**** Data records

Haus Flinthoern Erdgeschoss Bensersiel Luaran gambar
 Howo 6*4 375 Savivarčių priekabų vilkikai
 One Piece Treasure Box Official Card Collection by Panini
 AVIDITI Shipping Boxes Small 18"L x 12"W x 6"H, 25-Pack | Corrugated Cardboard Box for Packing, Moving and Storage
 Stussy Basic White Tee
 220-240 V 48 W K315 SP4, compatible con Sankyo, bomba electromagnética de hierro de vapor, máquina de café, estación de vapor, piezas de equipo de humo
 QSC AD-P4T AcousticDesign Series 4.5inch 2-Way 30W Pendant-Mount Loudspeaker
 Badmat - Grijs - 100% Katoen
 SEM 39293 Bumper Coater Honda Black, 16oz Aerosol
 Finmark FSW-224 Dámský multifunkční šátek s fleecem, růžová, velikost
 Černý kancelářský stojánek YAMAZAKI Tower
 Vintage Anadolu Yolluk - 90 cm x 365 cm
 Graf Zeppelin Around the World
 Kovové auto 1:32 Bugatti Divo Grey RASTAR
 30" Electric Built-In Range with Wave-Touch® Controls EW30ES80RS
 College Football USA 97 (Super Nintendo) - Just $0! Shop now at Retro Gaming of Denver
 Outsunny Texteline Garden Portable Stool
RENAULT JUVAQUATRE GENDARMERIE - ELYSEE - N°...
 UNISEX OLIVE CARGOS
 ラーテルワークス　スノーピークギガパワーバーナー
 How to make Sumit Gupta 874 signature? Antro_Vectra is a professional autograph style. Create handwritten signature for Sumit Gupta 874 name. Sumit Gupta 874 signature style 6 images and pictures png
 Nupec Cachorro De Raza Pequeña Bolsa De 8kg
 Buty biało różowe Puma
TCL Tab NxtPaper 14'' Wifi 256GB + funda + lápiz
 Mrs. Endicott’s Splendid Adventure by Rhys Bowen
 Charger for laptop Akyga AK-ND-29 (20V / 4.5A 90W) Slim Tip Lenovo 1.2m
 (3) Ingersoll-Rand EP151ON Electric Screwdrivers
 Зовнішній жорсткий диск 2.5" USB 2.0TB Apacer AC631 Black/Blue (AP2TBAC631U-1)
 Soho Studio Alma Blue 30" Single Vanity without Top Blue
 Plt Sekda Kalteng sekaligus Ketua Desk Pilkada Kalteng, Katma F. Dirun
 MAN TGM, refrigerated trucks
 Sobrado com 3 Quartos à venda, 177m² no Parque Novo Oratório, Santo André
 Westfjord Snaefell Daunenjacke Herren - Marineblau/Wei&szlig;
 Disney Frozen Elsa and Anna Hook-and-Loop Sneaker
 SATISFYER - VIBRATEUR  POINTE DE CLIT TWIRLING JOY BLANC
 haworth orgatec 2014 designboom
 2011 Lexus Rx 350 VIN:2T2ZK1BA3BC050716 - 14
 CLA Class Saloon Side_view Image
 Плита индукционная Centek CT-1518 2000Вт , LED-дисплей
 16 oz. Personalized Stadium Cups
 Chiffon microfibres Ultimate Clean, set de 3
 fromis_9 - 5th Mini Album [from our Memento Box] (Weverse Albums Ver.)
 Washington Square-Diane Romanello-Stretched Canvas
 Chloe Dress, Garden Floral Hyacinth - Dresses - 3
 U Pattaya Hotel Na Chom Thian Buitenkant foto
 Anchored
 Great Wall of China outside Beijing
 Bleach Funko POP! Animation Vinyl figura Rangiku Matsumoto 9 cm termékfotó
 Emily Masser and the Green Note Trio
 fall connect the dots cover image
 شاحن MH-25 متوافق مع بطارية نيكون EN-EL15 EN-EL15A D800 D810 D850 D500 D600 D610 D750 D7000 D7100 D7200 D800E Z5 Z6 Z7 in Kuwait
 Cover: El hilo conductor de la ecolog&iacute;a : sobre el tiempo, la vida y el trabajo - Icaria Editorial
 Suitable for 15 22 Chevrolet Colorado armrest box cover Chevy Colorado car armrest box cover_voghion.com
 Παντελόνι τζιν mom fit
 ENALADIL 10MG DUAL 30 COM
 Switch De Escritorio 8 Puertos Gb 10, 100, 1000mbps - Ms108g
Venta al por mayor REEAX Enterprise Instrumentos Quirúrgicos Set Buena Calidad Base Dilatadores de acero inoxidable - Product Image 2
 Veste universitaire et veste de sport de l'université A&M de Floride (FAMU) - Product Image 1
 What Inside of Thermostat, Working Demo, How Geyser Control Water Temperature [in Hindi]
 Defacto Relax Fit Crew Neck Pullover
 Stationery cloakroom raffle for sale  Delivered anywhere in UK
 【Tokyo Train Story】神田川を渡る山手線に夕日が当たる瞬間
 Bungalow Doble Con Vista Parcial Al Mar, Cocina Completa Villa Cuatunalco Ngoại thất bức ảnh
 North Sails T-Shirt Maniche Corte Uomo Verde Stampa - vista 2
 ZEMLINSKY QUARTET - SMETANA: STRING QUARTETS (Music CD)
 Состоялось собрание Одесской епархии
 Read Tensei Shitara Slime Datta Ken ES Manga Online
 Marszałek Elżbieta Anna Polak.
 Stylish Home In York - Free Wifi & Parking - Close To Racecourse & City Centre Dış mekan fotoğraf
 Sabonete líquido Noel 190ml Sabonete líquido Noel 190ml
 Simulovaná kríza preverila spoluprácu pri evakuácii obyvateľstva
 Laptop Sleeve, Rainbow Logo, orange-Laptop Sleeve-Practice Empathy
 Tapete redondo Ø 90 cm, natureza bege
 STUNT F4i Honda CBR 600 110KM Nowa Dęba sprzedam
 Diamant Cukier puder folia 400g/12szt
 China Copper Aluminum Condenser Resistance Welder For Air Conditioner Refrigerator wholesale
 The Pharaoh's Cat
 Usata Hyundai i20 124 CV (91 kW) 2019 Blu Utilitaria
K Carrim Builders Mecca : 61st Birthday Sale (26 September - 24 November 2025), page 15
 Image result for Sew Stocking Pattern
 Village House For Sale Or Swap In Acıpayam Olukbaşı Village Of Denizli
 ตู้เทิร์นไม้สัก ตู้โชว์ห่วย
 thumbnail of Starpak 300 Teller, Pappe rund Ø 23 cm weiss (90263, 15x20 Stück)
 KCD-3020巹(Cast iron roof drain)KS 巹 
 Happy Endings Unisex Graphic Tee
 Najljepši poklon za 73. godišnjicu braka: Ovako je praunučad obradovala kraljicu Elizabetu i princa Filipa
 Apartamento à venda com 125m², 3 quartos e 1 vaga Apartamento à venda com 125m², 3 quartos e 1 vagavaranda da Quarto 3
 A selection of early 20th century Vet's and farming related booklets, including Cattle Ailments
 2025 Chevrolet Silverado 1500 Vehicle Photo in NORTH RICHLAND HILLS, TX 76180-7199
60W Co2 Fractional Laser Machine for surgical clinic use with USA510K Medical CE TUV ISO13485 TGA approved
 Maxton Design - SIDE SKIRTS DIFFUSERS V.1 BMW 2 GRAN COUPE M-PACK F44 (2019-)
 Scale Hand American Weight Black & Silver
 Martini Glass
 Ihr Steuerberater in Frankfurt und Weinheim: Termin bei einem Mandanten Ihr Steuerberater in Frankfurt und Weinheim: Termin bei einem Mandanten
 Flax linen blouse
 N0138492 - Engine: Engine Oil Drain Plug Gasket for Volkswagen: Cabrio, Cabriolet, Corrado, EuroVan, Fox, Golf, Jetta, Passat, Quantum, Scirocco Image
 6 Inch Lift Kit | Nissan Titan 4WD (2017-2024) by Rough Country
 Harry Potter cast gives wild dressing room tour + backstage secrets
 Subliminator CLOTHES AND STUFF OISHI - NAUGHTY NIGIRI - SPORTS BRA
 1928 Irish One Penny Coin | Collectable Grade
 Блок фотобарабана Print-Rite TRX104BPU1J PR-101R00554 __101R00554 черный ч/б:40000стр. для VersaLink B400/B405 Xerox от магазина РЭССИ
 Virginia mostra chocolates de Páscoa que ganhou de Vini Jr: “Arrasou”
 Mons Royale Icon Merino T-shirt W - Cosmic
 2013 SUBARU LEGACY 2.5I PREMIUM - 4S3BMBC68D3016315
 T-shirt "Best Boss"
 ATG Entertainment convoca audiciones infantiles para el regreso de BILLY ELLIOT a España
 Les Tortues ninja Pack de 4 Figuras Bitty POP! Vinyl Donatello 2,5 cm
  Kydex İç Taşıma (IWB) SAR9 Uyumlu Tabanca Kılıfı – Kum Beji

********

Work request: Of all the entries above, repeat only the lines from the line that has "Washington Square-Diane Romanello-Stretched" to the line that has "ENALADIL 10MG DUAL 30 COM", both lines included, exactly.

Task response:
 Washington Square-Diane Romanello-Stretched Canvas
 Chloe Dress, Garden Floral Hyacinth - Dresses - 3
 U Pattaya Hotel Na Chom Thian Buitenkant foto
 Anchored
 Great Wall of China outside Beijing
 Bleach Funko POP! Animation Vinyl figura Rangiku Matsumoto 9 cm termékfotó
 Emily Masser and the Green Note Trio
 fall connect the dots cover image
 شاحن MH-25 متوافق مع بطارية نيكون EN-EL15 EN-EL15A D800 D810 D850 D500 D600 D610 D750 D7000 D7100 D7200 D800E Z5 Z6 Z7 in Kuwait
 Cover: El hilo conductor de la ecolog&iacute;a : sobre el tiempo, la vida y el trabajo - Icaria Editorial
 Suitable for 15 22 Chevrolet Colorado armrest box cover Chevy Colorado car armrest box cover_voghion.com
 Παντελόνι τζιν mom fit
 ENALADIL 10MG DUAL 30 COM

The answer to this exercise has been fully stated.